You also saw a growing sense of entitlement, based on the cause or ideology espouse-- because it was "right". Sort of to the effect that my free speech is more important than yours because I'm on the socially-enlightened side of this argument. Couple that with a growing sense of entitlement, of all kinds, and you have a very volatile mix.
Fast-forward through the '70s (sex, drugs and rock & roll) and the '80s (greed is good), with that whole volatile mix begun in the '60s gaining critical mass the whole time, and you arrive at the dawn of the PC era. Now we've gone from 'I'm more entitled to my opinions than you are because I'm more morally advanced' to 'I'm right, you're wrong and you can't say that to me because I don't like it and it hurts my feelings'. There is nothing too vile to say, as long as you are on the socially-acceptable side of the debate. You haven't changed what people think or feel, you've just pushed them underground and given yourself more license to behave badly in public forums.
Now, add the Internet. Now you can call someone that you don't agree with a f***ing, racist (homophobe, Commie, Jesus freak, fascist, etc.-- you pick the slur of your choice) s***head from the comfort of your own home, secure in your anonymity, to thousands of people, without any facts to back it up and with no consequences that you can't avoid with the click of a button. Facts are completely irrelevant; passionate feelings are all that matters. And, if your views are unpopular with even a very small segment of the population, God help you if you say anything that is subject to interpretation because it will be twisted to fit the opinions, biases, assumptions and agendas of thousands of other people.
For example; how many of you actually looked up what Trent Lott said at Strom Thurman's 100th birthday party? I did and, as near as I can figure, what he said was that the U.S. would be a different place than it is today if Thurman's bid for the presidency had been successful. Not that it would be a better place, just different. It's the sort of bland, empty statement uttered every day at retirement parties and birthday parties across the world but, because the person that said it was white, male, Southern and conservative, it was taken to mean that here was proof-positive that Lott was a racist and deserved to be hounded from office.
And this sort of crap goes on constantly, on all sides of the political spectrum. Take the sound byte, put your spin on it and scream to the bloody moon about it. Create an issue, if you can't find one that suits your ideology or agenda, because, after all, reason and civility are trumped by passionate feelings.
Much as I hate to give the politicians even a partial pass, they can't move pass the '60s because we haven't. It seems to me that, unfortunately, they are what we have created. By all mean, hold them accountable for what they say but remember that we, all of us, play a part in shaping the debate. The exercise of free speech is a precious thing but it was guaranteed under the assumption that we, as adult, were capable of using it wisely, with reason and tolerance for the opinions of others.

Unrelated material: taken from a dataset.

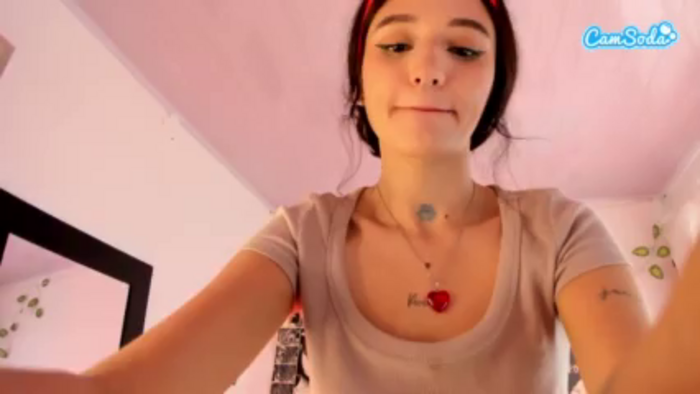 pinksophie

The Mike Stivak character was the poster child for "Liberal Hippies" back in the late 60's & early 70's.....Now I find myself screaming out the same injustices that are currently being carried out by the Obama administration.
But certain things don't change a bit.......
For all those PCer's......
Definition of Zionism:
an organization of Jews whose goal is to create a nation for Jews.
Definition of Judaism:
Jews collectively who practice a religion based on the Torah and the Talmud.